- _Brief_: Find the line containing "MFG Stamp Classic T Shirt White - 1", then return it and every line after it through the end of the records, exactly. Leave out pictures.

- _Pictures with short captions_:
*****

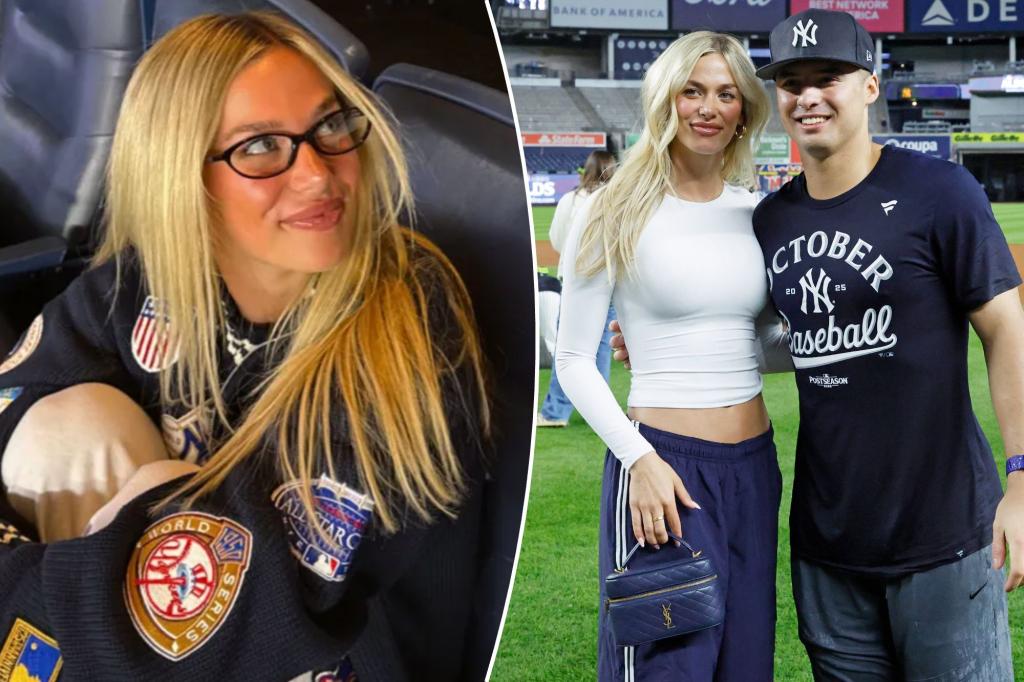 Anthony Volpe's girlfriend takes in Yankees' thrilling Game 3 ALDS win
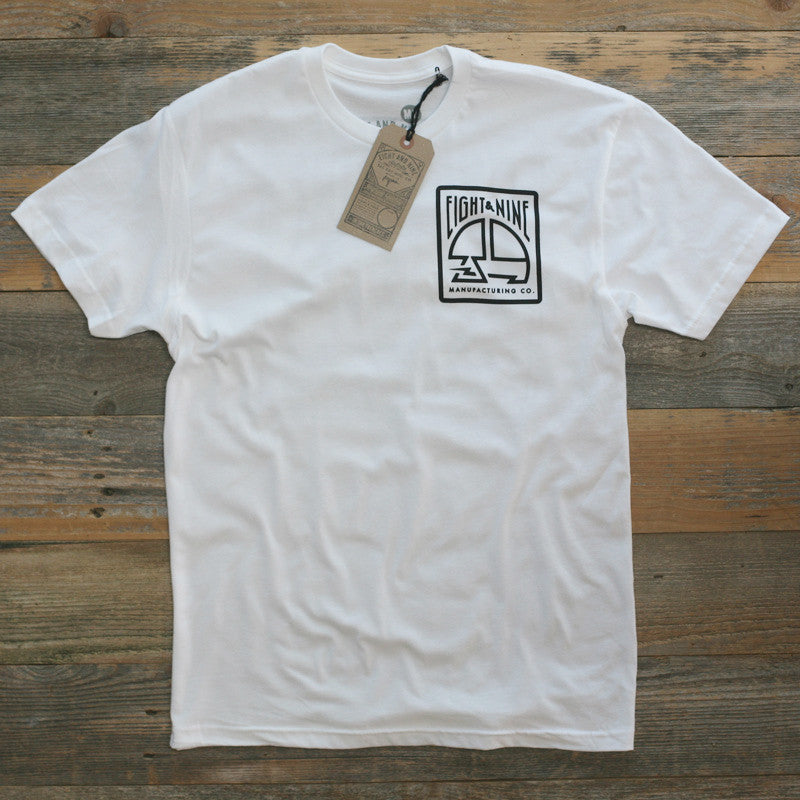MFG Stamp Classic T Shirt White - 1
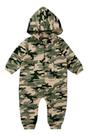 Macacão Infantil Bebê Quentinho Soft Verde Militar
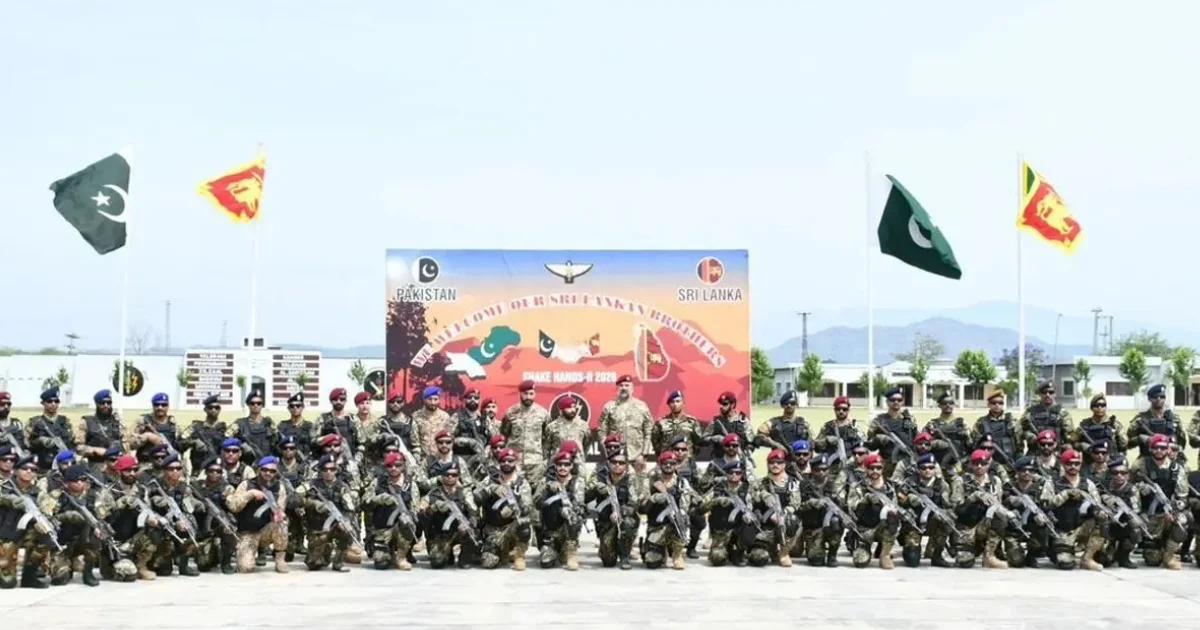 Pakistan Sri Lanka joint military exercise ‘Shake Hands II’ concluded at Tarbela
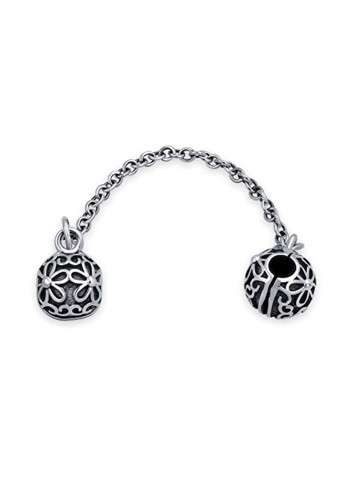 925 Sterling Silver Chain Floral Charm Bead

*****

- _Result below_:
MFG Stamp Classic T Shirt White - 1
 Macacão Infantil Bebê Quentinho Soft Verde Militar
 Pakistan Sri Lanka joint military exercise ‘Shake Hands II’ concluded at Tarbela
 925 Sterling Silver Chain Floral Charm Bead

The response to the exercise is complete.